On Fri, Sep 16, 2022 at 9:09 AM liuhongt via Gcc-patches
<gcc-patches@gcc.gnu.org> wrote:
>
> There's peephole2 submit in 1990s which split cmp mem, 0 to load mem,
> reg + test reg, reg. I don't know exact reason why gcc do this.
>
> For latest x86 processors, ciscization should help processor frontend
> also codesize, for processor backend, they should be the same(has same
> uops).
>
> So the patch deleted the peephole2, and also modify another splitter to
> generate more cmp mem, 0 for 32-bit target.
>
> It will help instruction fetch.
>
> for minmax-1.c minmax-2.c minmax-10, pr96891.c, it's supposed to scan there's no
> comparison to 1 or -1, so adjust the testcase since under 32-bit
> target, we now generate cmp mem, 0 instead of load + test.
>
> Similar for pr78035.c.
>
> Bootstrapped and regtested on x86_64-pc-linux-gnu{-m32,}
> No performance impact for SPEC2017 on ICX/Znver3.
>
> Ok for trunk?
>
> gcc/ChangeLog:
>
>         * config/i386/i386.md (*<code><mode>3_1): Replace
>         register_operand with nonimmediate_operand for operand 1. Also
>         force_reg it when mode is QImode.
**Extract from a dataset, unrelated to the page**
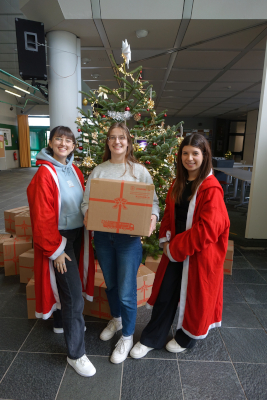 Schueler mit Paketen für die Weihnachtstrucker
>         (define_peephole2): Deleted related peephole2.
>
> gcc/testsuite/ChangeLog:
>
>         * gcc.target/i386/minmax-1.c: Scan-assemble-not for cmp with 1
>         or -1, also don't scan-assembler test for ia32.
>         * gcc.target/i386/minmax-10.c: Ditto.
>         * gcc.target/i386/minmax-2.c: Ditto.
>         * gcc.target/i386/pr78035.c: Ditto.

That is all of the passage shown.